MP: All right. Now let me ask you. That 6 p.m., is that Central Time?
JM: It’s, uh, Eastern Time.
MP: Okay, I ask because as somebody who works downtown, I regularly park at the State Street Garage, and sometimes I—
JM: Hold on, hold on. I think I know what you’re getting at. This is about them still charging at seven.
JM: Well, it’s free entry after six. If you come in after six it’s free, but you can’t come in at six o’clock in the morning, stay all day, and then leave after six. It’s not going to be free.
MP: Okay, well, it does say free parking after six. That would seem to imply that parking becomes free after six.
JM: It’s free parking if you enter the garages after six.
MP: Don’t you think that maybe should be included in the sign?
JM: That’s the way it’s been worded, but it’s free if you enter the garages after six.
MP: I understand that, but doesn’t that sign seem a tad misleading.
JM: Would you expect to pull into the garage at six o’clock in the morning and leave at 6:01 and park all day for free?
MP: I’m not really arguing the ethics of it.

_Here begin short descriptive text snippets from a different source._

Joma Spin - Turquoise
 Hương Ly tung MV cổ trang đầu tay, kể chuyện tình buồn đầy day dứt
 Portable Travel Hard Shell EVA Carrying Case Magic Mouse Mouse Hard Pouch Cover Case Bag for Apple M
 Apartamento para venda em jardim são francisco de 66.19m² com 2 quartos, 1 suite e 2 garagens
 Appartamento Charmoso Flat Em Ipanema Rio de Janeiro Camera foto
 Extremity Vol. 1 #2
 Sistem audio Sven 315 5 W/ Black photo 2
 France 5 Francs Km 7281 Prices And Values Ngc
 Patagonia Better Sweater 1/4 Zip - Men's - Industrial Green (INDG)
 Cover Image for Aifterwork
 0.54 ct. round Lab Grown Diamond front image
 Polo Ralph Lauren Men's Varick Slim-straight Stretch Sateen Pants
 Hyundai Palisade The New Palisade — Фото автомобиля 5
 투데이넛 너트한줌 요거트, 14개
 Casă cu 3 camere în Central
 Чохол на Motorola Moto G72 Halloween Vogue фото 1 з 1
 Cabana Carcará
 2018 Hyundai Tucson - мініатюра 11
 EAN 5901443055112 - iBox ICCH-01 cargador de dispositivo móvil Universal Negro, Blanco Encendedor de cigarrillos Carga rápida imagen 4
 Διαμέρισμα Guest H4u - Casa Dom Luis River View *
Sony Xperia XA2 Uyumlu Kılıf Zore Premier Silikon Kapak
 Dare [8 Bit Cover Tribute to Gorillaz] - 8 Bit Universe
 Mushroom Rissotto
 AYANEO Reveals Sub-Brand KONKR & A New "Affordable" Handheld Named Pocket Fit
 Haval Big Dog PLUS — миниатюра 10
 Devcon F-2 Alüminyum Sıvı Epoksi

JM: That’s just very dishonest.
MP: I know. I’m not really so much arguing the ethics of it as I am just talking about the wording on that sign. It seems like there should be a qualifier there that says, “If you park after six” or “People who park here all day will be charged until seven.”
JM: Right, right.
MP: Has anybody pointed that out or made that complaint to you?
JM: This is the first I’ve heard it.
MP: Really? You said you knew what I was getting at though.
JM: Because you started talking about Central Time.
MP: Right. Have you ever considered maybe putting a new sign up that would be more clear about that rule?
JM: It’s really not up to me.
[McGoy directs me to Steve Cheatham, parking manager for the Knoxville Public Building Authority.]
MP: As you know the city advertises free public parking in downtown garages after six, but Republic’s policy seems to be to charge people who parked there before six until seven. Has the city ever considered putting up more clearly worded signs?
SC: Not to my knowledge. I mean it clearly states that for anyone entering the garage after 6 p.m., it’s free parking.
MP: Well, the exact wording is “Free parking”—
SC: Free parking after six.
MP: Yeah, it doesn’t actually say that if you had been parked there before six, you will be charged later. The sign, I think, implies that parking becomes free at six.
MP: So, is that misleading?
SC: Depending on how you read the sign, it may be, but we have not had a mass problem with people saying that it is.
MP: Have you received any complaints?
SC: Not to my knowledge. I mean, when we first actually implemented the program, there were a few people, but I guess most people who park there in the garage know what the policy is. So, we haven’t had any major complaints, but if you want to speak with someone with the city as far as actually re-wording the sign, that would probably be their call.
MP: Don’t you work for the city?
SC: I actually manage the garages for the city.
MP: So, it would be at least in part your call.
SC: I can make a recommendation.
MP: But you’ve never talked about doing that?
SC: Like I said, we have not fielded a lot of complaints pertaining to it.
MP: The policy as dictated to me by Mr. McGoy seems to me to be based mostly on ethics, on honesty, that it would be dishonest to park there all day and get free parking at 6:01. Do you agree with that assessment?
SC: Not necessarily dishonest, just the fact that that is the policy. The policy is that anyone entering the garage after 6 p.m. gets free parking.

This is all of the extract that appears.